Transformative Applications
Hub organoids offer advancements in disease modeling, providing more accurate representations of complex conditions involving multiple organs or systems. They allow researchers to study neurological disorders like Alzheimer’s or Parkinson’s by recreating interactions between neuronal and supporting brain tissues. These models can also simulate cancers with distant metastases or metabolic syndromes like type 2 diabetes by integrating liver and pancreatic components.
In drug discovery and development, hub organoids serve as platforms for screening new therapeutic compounds. These integrated models predict drug efficacy and toxicity across multiple tissues, offering a more holistic view than traditional single-cell or single-organ models. This helps reduce reliance on animal testing, providing a more relevant preclinical assessment. For example, hub tumor organoids mirror original tumor properties, making them valuable for drug screens and predicting patient response.

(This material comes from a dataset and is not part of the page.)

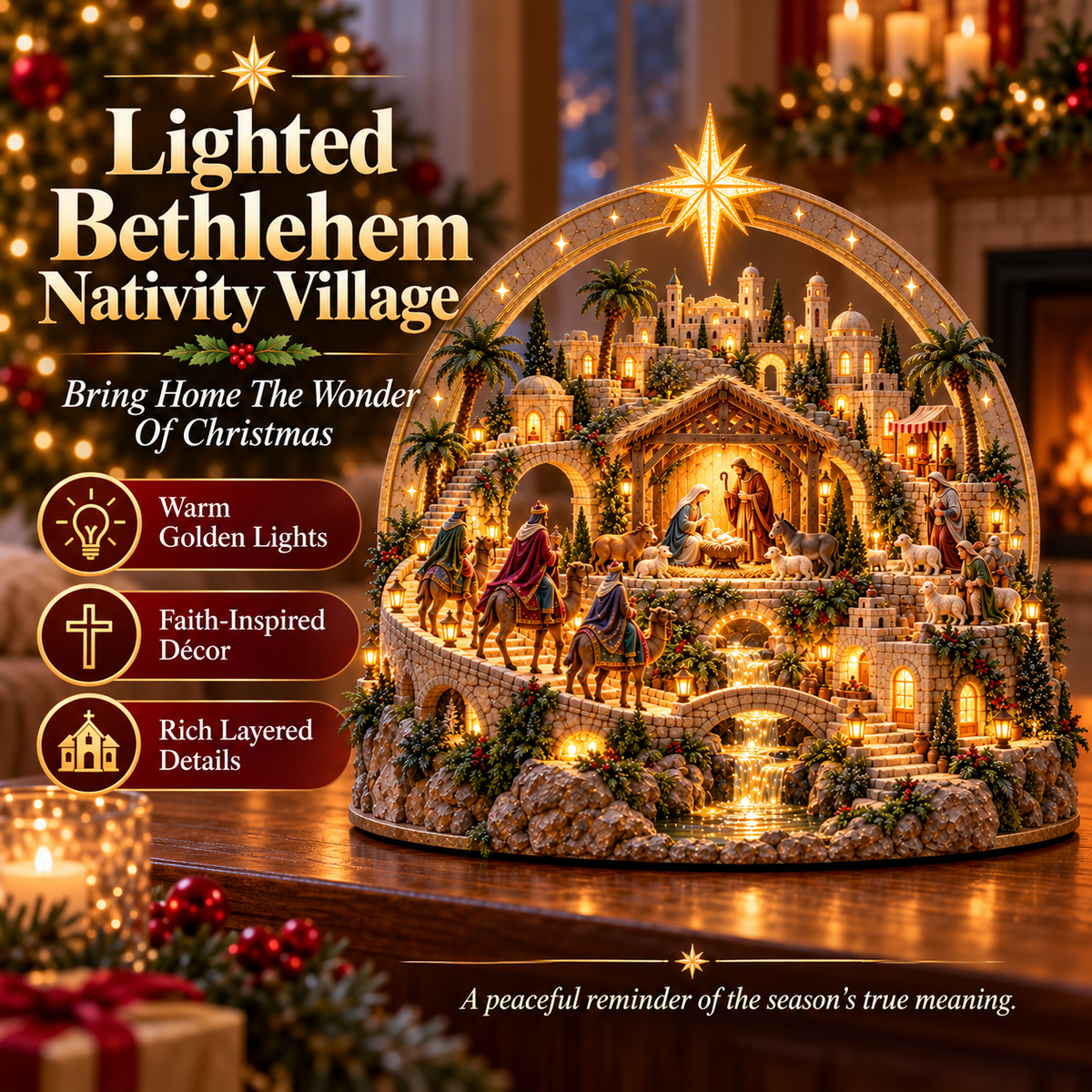 🌟 Lighted Bethlehem Nativity Village – Star Arch Christmas Tabletop Decor 🎄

Hub organoids are also transforming personalized medicine by enabling patient-specific models. By deriving organoids from a patient’s own tissues, researchers can create “mini-organs in a dish” that preserve unique genetic and phenotypic characteristics. This allows for testing various treatments on a patient’s own cells, predicting individual responses and tailoring treatment plans. This individualized approach helps determine which patients will respond to specific treatments, particularly in oncology.

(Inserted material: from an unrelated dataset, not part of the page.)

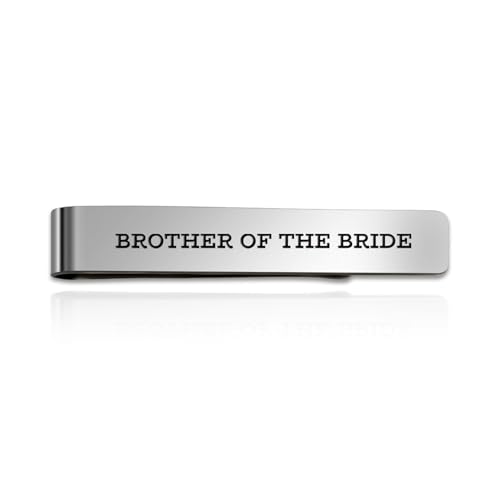 Brother of The Bride Gifts Best Man from Groom Sister Bride Stainless Steel Tie Clip Bar Pin Tie Clips Man of Honor Groomsman Gifts for Wedding Sister Marriage Gift Presents for Men Brothers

Hub organoids provide insights into human development, especially for complex developmental processes and congenital conditions involving multi-organ interactions. They allow scientists to observe how different tissues develop, identifying mechanisms that govern organ formation and inter-organ communication. This understanding can lead to new strategies for addressing developmental disorders and regenerative medicine.
Advancing Organoid Technology
Ongoing research aims to improve the long-term viability of hub organoids, which is important for studying chronic diseases and developmental processes. Ensuring a stable microenvironment and sustained nutrient supply are focus areas. Researchers also work to enhance the functional maturation of these models, allowing them to more closely mimic adult organ functions.
Introducing vascularization is an objective to improve nutrient and waste exchange within larger hub organoids. Without a functional blood vessel network, organoids larger than 200-400 micrometers can suffer from limited oxygen and nutrient diffusion, leading to cell death. Strategies include co-culturing organoids with endothelial cells, directing stem cells to form vascularized organoids, or fusing pre-formed vascular spheroids with organoid components.
Integrating immune cells into hub organoids is another area of advancement, as immune responses play a substantial role in many diseases, including cancer and infectious conditions. Co-culturing tumor organoids with immune cells (e.g., T cells, macrophages, NK cells, B cells) allows for the study of immuno-oncology drug development and checkpoint inhibitors. This helps understand how the immune system interacts with diseased tissues and how immunotherapies might work.
The push towards creating more complex “organ-on-a-chip” or “human-on-a-chip” systems involves connecting multiple interacting hub organoids within a microfluidic platform. These systems can simulate systemic interactions between different organs, such as the liver-pancreas axis for metabolic studies, or the gut-brain axis. Standardized protocols for reproducibility are also being developed to ensure consistent and reliable research findings.